Протрезвев к вечеру (кроме сухого вина он больше ничего не пил), встал с постели, хмуро оглядел улицу, где лил мелкий дождичек — как он надоел!, — и сказал жене:
— Меня давеча под пьяну лавочку туфли угораздило купить. Так ты того… повесь-ка их в амбарушке.
Возле дома армейца Митрофановича стояла тощая коза и деловито обгладывала недавно высаженный куст рябины. «Погубит дерево, поганая скотина. И что он не сделает палисадник…» — подумал Михаил Никифорович. И тут же решил поговорить послезавтра на собрании, между прочими вопросами, и о благоустройстве деревни.
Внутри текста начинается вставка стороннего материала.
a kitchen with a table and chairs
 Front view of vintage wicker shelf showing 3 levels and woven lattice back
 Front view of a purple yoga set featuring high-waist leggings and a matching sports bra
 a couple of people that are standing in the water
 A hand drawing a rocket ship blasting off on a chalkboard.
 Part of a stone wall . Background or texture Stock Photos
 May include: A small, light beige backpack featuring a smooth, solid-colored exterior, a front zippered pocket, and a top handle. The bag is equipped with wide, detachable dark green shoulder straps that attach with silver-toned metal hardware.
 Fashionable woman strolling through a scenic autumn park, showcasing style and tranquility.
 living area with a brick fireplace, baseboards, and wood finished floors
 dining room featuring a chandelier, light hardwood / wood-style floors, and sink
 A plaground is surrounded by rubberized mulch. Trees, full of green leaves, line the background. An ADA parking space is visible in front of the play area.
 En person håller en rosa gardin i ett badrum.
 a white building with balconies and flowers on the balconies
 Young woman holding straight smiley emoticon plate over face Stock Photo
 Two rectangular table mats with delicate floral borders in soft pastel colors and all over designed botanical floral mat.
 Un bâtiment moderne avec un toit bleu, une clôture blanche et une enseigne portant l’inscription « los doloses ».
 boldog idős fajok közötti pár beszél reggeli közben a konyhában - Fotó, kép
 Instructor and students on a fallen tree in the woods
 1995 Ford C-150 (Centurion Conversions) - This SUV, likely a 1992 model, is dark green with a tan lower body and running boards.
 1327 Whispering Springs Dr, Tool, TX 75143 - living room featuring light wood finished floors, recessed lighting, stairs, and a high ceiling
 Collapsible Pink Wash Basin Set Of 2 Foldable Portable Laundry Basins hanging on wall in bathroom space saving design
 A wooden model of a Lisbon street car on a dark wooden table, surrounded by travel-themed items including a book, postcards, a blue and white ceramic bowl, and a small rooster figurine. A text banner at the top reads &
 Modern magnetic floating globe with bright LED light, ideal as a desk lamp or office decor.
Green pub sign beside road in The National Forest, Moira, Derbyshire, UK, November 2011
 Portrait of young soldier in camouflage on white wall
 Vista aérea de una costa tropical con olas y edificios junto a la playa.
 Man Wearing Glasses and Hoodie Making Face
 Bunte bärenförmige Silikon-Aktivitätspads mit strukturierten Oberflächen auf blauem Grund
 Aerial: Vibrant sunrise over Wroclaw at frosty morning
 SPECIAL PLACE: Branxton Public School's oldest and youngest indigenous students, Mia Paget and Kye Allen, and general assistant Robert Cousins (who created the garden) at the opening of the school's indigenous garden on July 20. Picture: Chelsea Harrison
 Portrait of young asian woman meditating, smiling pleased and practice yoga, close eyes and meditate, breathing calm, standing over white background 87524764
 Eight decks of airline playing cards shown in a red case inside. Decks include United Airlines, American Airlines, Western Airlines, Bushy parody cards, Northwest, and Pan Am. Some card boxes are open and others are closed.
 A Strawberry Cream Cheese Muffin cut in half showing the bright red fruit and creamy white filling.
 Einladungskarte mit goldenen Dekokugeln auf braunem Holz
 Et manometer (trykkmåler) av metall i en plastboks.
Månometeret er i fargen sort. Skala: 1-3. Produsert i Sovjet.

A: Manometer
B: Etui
Ох уж эти «завтра» и «послезавтра»! Как часто мы кормим себя завтраками. И нас кормят… Поздно вечером ему сообщили, что ожидаются заморозки и пурга. Михаил Никифорович схватился за голову: он никак не думал, что холода нагрянут так рано и неожиданно, — еще столько всяких недоделок. А недели через две, когда вновь потеплело, растаяло и тяжелая работа вроде бы схлынула, вдруг напала нежданная хворь на коров, тоже возни было — не приведи бог. В те дни ему в голову навязчиво лезли и лезли невесть когда и где слышанные слова: «От беды, как от мороза, тело холодеет…» О благоустройстве деревни они все же поговорили на собрании, кое-что наметили и уже хотели было поехать в лес за саженцами, но… Ночью, тайно, как вор или лазутчик, пришла зима с ослепительным снегом.
О племяше забыли. Только перед праздниками, получая поздравительные открытки, Мария Прохоровна говорит:
— И от Виталия есть.
Михаил Никифорович усмехается без всякой злобы, с чувством некоторого превосходства:
— А-а-а… от желтого берета.
1966 г.
АВГУСТОВСКИЕ ТУМАНЫ
До деревни Санино, где родился и провел свои детские годы Дмитрий Иванович Горшков, верст пятьсот. Но леса здешние, да и сама деревня Балашовка чем-то разительно похожи на Санино и ее окрестности.